__What you are asked to do__
Reproduce exactly the line with "Breakfast, lunch, dinner" and the lines after it. Stop at the last line of the data and include nothing else.

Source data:
******************************
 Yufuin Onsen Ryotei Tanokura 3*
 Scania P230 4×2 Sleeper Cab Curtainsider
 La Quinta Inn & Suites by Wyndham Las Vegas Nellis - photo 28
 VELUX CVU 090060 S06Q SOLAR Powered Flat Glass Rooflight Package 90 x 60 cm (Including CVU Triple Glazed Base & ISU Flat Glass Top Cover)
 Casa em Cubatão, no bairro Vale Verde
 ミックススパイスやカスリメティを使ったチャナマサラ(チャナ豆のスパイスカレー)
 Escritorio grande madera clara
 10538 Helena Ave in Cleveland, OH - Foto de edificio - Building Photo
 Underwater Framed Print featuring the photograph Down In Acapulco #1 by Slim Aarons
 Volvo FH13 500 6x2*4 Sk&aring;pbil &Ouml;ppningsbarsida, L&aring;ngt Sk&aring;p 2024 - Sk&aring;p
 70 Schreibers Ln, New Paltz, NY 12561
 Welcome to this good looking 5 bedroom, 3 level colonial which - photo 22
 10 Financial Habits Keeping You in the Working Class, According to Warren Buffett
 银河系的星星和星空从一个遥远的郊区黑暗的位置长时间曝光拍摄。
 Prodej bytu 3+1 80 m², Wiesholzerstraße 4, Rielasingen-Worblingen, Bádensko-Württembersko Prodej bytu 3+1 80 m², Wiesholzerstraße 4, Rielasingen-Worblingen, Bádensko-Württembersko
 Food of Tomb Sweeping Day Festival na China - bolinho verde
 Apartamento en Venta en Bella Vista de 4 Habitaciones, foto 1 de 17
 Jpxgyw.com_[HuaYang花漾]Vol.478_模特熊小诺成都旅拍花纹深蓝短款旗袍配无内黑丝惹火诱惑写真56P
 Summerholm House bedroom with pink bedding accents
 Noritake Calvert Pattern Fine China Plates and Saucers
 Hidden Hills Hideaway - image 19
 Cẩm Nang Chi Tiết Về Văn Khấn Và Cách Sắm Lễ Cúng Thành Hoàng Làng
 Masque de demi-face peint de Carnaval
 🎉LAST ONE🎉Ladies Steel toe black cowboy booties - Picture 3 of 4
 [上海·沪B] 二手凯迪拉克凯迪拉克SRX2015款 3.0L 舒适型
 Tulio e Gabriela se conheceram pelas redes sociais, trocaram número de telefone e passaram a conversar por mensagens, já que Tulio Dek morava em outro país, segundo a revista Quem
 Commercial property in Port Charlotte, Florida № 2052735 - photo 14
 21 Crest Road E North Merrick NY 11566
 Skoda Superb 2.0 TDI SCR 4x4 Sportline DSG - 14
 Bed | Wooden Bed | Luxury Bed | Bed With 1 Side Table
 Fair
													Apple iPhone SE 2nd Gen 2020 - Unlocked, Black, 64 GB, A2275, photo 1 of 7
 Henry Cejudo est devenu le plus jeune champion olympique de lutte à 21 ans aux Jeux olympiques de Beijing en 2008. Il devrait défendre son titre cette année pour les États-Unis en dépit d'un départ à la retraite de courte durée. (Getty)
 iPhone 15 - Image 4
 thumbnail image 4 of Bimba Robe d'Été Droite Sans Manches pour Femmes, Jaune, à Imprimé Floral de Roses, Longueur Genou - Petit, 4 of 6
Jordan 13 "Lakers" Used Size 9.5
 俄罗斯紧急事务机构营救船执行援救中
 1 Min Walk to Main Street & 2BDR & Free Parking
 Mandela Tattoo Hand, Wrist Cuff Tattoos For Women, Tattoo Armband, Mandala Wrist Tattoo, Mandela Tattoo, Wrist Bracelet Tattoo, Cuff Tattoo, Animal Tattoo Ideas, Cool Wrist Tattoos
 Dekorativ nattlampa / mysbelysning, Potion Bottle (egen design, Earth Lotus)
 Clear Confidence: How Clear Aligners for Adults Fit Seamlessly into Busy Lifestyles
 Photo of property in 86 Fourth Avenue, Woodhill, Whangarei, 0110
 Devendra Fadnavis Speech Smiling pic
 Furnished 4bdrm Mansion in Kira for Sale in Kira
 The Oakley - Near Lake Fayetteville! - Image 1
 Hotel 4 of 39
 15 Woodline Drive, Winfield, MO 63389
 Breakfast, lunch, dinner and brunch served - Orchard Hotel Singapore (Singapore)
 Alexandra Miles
******************************
__Result of this task__
 Breakfast, lunch, dinner and brunch served - Orchard Hotel Singapore (Singapore)
 Alexandra Miles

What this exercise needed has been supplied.